About this task:
Output every record exactly, and nothing more.

Data records:

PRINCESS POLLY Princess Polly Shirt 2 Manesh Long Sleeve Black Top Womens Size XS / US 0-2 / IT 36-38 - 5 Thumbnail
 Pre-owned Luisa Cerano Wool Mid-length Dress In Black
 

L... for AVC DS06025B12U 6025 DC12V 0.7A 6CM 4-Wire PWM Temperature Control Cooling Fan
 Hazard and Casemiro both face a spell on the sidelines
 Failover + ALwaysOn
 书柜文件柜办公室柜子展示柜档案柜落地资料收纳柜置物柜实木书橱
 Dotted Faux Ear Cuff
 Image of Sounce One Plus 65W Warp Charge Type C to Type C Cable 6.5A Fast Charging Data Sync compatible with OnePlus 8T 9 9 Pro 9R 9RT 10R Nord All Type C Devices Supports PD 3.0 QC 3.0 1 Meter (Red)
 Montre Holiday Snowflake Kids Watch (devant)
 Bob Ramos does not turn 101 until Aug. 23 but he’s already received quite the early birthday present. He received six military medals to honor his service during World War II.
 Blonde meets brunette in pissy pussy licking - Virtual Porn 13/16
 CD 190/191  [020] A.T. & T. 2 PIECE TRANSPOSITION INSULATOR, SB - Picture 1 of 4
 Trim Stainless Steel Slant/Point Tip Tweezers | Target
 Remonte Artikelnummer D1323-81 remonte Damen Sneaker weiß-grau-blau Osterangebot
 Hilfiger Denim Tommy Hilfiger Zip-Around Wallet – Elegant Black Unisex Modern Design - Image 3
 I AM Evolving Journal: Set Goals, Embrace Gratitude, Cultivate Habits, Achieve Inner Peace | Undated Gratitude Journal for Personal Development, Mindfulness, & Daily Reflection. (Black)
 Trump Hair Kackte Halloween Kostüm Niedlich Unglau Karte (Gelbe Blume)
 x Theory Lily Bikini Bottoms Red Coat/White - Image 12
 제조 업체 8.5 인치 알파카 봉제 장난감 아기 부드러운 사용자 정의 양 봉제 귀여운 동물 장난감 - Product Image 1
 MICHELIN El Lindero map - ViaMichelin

Answer below:
PRINCESS POLLY Princess Polly Shirt 2 Manesh Long Sleeve Black Top Womens Size XS / US 0-2 / IT 36-38 - 5 Thumbnail
 Pre-owned Luisa Cerano Wool Mid-length Dress In Black
 

L... for AVC DS06025B12U 6025 DC12V 0.7A 6CM 4-Wire PWM Temperature Control Cooling Fan
 Hazard and Casemiro both face a spell on the sidelines
 Failover + ALwaysOn
 书柜文件柜办公室柜子展示柜档案柜落地资料收纳柜置物柜实木书橱
 Dotted Faux Ear Cuff
 Image of Sounce One Plus 65W Warp Charge Type C to Type C Cable 6.5A Fast Charging Data Sync compatible with OnePlus 8T 9 9 Pro 9R 9RT 10R Nord All Type C Devices Supports PD 3.0 QC 3.0 1 Meter (Red)
 Montre Holiday Snowflake Kids Watch (devant)
 Bob Ramos does not turn 101 until Aug. 23 but he’s already received quite the early birthday present. He received six military medals to honor his service during World War II.
 Blonde meets brunette in pissy pussy licking - Virtual Porn 13/16
 CD 190/191  [020] A.T. & T. 2 PIECE TRANSPOSITION INSULATOR, SB - Picture 1 of 4
 Trim Stainless Steel Slant/Point Tip Tweezers | Target
 Remonte Artikelnummer D1323-81 remonte Damen Sneaker weiß-grau-blau Osterangebot
 Hilfiger Denim Tommy Hilfiger Zip-Around Wallet – Elegant Black Unisex Modern Design - Image 3
 I AM Evolving Journal: Set Goals, Embrace Gratitude, Cultivate Habits, Achieve Inner Peace | Undated Gratitude Journal for Personal Development, Mindfulness, & Daily Reflection. (Black)
 Trump Hair Kackte Halloween Kostüm Niedlich Unglau Karte (Gelbe Blume)
 x Theory Lily Bikini Bottoms Red Coat/White - Image 12
 제조 업체 8.5 인치 알파카 봉제 장난감 아기 부드러운 사용자 정의 양 봉제 귀여운 동물 장난감 - Product Image 1
 MICHELIN El Lindero map - ViaMichelin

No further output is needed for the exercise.